I would like to find a way for the HTML set into the QWebView to access the image. Of course, I could save the image to a temporary file and reference the file in the src attribute of an img tag.

But, as I do not need to keep the image after having displayed it, I wonder if there is a way to access an in-memory Qt image, without passing via a disk file.

I played with the QWebFrame::addToJavaScriptWindowObject() function, but I could not figure out how to tell the img tag to look for its source at the object and not at a file.

Any idea?

Thanks,
M.

GreedyGecko
1st June 2011, 17:36
I have exactly the same problem. Did anyone have a solution?

joyer83
1st June 2011, 19:00
It can be done, but it is not exactly a walk in a park.

The webkit uses QNetworkAccessManager and QNetworkReply internally to download resources like html-pages, images, etc.. from web.
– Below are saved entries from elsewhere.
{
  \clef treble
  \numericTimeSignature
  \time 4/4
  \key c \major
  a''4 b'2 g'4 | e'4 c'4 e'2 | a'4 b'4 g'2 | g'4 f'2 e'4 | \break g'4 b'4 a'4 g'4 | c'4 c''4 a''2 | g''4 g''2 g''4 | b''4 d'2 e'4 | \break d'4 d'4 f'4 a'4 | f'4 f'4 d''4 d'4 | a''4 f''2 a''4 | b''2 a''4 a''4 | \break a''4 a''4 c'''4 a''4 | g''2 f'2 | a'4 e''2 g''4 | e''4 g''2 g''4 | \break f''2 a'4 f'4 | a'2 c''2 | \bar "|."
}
What you need to do is to provide your own network reply object to webkit which "downloads" data from the in-memory location.
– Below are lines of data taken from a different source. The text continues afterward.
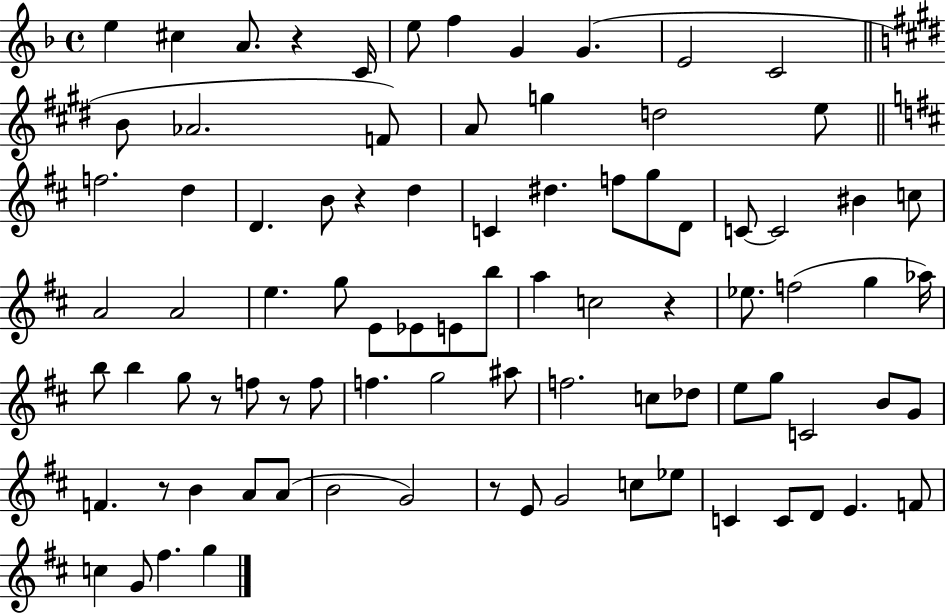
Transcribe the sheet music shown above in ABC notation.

X:1
T:Untitled
M:4/4
L:1/4
K:F
e ^c A/2 z C/4 e/2 f G G E2 C2 B/2 _A2 F/2 A/2 g d2 e/2 f2 d D B/2 z d C ^d f/2 g/2 D/2 C/2 C2 ^B c/2 A2 A2 e g/2 E/2 _E/2 E/2 b/2 a c2 z _e/2 f2 g _a/4 b/2 b g/2 z/2 f/2 z/2 f/2 f g2 ^a/2 f2 c/2 _d/2 e/2 g/2 C2 B/2 G/2 F z/2 B A/2 A/2 B2 G2 z/2 E/2 G2 c/2 _e/2 C C/2 D/2 E F/2 c G/2 ^f g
So, first derive a new class from QNetworkReply and reimplement it so that it returns data from the in-memory location. Also, remember that webkit will expect the returned data to be a HTML-response, with all the correct HTTP-headers included.

Then derive a new class from QNetworkAccessManager and reimplement its method QNetworkReply *createRequest( Operation op, const QNetworkRequest & req, QIODevice * outgoingData = 0 ). Inside that factory method you can create and initialize an object from your network reply class and then return it to caller.

Finally, QWebPage has setNetworkAccessManager() method which you can then use to pass your own network access manager to it.

joyer83
10th June 2011, 10:02
Ooh, I just stumbled upon this article in Qt Qaurterly (http://doc.qt.nokia.com/qq/32/qq32-webkit-protocols.html), which describes pretty well of how to do implement this.

wysota
11th June 2011, 08:23
You can always embed image data in the image url (http://en.wikipedia.org/wiki/Data_URI_scheme).

joyer83
12th June 2011, 15:44
I didn't even know that you can pass binary data in a URI, nice to know :)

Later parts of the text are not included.